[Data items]
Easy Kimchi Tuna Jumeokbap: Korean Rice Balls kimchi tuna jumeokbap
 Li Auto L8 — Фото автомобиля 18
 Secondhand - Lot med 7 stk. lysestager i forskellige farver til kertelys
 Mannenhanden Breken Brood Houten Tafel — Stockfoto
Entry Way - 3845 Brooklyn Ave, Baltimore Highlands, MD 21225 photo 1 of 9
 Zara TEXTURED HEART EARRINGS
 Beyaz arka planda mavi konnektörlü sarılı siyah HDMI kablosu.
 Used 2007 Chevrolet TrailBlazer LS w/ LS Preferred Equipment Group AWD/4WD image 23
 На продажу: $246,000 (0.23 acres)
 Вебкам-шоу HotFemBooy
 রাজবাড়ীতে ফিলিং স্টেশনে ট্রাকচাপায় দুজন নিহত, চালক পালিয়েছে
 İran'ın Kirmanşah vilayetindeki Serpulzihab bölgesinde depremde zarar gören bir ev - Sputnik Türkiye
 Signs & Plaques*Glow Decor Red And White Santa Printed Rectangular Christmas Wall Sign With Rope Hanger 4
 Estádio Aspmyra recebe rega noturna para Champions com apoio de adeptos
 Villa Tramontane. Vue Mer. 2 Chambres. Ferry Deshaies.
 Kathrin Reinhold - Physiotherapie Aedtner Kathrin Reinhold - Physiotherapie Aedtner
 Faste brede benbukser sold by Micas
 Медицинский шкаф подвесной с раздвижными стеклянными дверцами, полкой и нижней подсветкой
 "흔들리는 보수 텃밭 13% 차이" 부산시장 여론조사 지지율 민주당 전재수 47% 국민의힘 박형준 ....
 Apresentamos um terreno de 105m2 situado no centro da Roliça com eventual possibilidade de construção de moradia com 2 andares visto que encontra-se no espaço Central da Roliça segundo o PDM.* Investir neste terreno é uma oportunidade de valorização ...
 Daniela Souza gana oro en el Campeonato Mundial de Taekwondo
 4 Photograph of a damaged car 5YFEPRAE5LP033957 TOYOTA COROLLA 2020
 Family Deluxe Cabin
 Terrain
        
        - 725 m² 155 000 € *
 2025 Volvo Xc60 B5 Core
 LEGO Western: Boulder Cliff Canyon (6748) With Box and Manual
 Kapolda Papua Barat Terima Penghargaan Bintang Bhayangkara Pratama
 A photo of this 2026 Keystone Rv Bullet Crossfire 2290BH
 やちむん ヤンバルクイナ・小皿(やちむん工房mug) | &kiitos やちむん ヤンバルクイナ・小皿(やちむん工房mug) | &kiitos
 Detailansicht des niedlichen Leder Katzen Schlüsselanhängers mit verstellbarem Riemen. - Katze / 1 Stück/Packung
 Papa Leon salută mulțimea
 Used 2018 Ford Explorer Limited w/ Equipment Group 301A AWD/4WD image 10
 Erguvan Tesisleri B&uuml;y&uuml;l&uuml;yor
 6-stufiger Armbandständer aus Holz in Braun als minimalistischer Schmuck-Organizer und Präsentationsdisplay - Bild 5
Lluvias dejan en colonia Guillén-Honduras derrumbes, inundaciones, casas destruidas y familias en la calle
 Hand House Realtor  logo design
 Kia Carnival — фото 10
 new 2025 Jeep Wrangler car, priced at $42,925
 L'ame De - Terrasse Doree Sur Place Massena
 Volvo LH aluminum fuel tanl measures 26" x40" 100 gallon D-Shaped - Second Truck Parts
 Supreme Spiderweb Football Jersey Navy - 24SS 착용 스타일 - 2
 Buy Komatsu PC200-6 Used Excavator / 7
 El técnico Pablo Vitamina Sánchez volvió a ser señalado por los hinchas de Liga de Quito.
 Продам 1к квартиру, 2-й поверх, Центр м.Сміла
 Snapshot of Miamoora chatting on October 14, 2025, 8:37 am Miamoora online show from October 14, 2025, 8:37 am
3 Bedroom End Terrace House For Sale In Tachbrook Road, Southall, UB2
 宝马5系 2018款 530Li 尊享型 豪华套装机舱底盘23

▶ [Exercise brief]
Word for word, restate the lines above.

▶ [Answer space]
Easy Kimchi Tuna Jumeokbap: Korean Rice Balls kimchi tuna jumeokbap
 Li Auto L8 — Фото автомобиля 18
 Secondhand - Lot med 7 stk. lysestager i forskellige farver til kertelys
 Mannenhanden Breken Brood Houten Tafel — Stockfoto
Entry Way - 3845 Brooklyn Ave, Baltimore Highlands, MD 21225 photo 1 of 9
 Zara TEXTURED HEART EARRINGS
 Beyaz arka planda mavi konnektörlü sarılı siyah HDMI kablosu.
 Used 2007 Chevrolet TrailBlazer LS w/ LS Preferred Equipment Group AWD/4WD image 23
 На продажу: $246,000 (0.23 acres)
 Вебкам-шоу HotFemBooy
 রাজবাড়ীতে ফিলিং স্টেশনে ট্রাকচাপায় দুজন নিহত, চালক পালিয়েছে
 İran'ın Kirmanşah vilayetindeki Serpulzihab bölgesinde depremde zarar gören bir ev - Sputnik Türkiye
 Signs & Plaques*Glow Decor Red And White Santa Printed Rectangular Christmas Wall Sign With Rope Hanger 4
 Estádio Aspmyra recebe rega noturna para Champions com apoio de adeptos
 Villa Tramontane. Vue Mer. 2 Chambres. Ferry Deshaies.
 Kathrin Reinhold - Physiotherapie Aedtner Kathrin Reinhold - Physiotherapie Aedtner
 Faste brede benbukser sold by Micas
 Медицинский шкаф подвесной с раздвижными стеклянными дверцами, полкой и нижней подсветкой
 "흔들리는 보수 텃밭 13% 차이" 부산시장 여론조사 지지율 민주당 전재수 47% 국민의힘 박형준 ....
 Apresentamos um terreno de 105m2 situado no centro da Roliça com eventual possibilidade de construção de moradia com 2 andares visto que encontra-se no espaço Central da Roliça segundo o PDM.* Investir neste terreno é uma oportunidade de valorização ...
 Daniela Souza gana oro en el Campeonato Mundial de Taekwondo
 4 Photograph of a damaged car 5YFEPRAE5LP033957 TOYOTA COROLLA 2020
 Family Deluxe Cabin
 Terrain
        
        - 725 m² 155 000 € *
 2025 Volvo Xc60 B5 Core
 LEGO Western: Boulder Cliff Canyon (6748) With Box and Manual
 Kapolda Papua Barat Terima Penghargaan Bintang Bhayangkara Pratama
 A photo of this 2026 Keystone Rv Bullet Crossfire 2290BH
 やちむん ヤンバルクイナ・小皿(やちむん工房mug) | &kiitos やちむん ヤンバルクイナ・小皿(やちむん工房mug) | &kiitos
 Detailansicht des niedlichen Leder Katzen Schlüsselanhängers mit verstellbarem Riemen. - Katze / 1 Stück/Packung
 Papa Leon salută mulțimea
 Used 2018 Ford Explorer Limited w/ Equipment Group 301A AWD/4WD image 10
 Erguvan Tesisleri B&uuml;y&uuml;l&uuml;yor
 6-stufiger Armbandständer aus Holz in Braun als minimalistischer Schmuck-Organizer und Präsentationsdisplay - Bild 5
Lluvias dejan en colonia Guillén-Honduras derrumbes, inundaciones, casas destruidas y familias en la calle
 Hand House Realtor  logo design
 Kia Carnival — фото 10
 new 2025 Jeep Wrangler car, priced at $42,925
 L'ame De - Terrasse Doree Sur Place Massena
 Volvo LH aluminum fuel tanl measures 26" x40" 100 gallon D-Shaped - Second Truck Parts
 Supreme Spiderweb Football Jersey Navy - 24SS 착용 스타일 - 2
 Buy Komatsu PC200-6 Used Excavator / 7
 El técnico Pablo Vitamina Sánchez volvió a ser señalado por los hinchas de Liga de Quito.
 Продам 1к квартиру, 2-й поверх, Центр м.Сміла
 Snapshot of Miamoora chatting on October 14, 2025, 8:37 am Miamoora online show from October 14, 2025, 8:37 am
3 Bedroom End Terrace House For Sale In Tachbrook Road, Southall, UB2
 宝马5系 2018款 530Li 尊享型 豪华套装机舱底盘23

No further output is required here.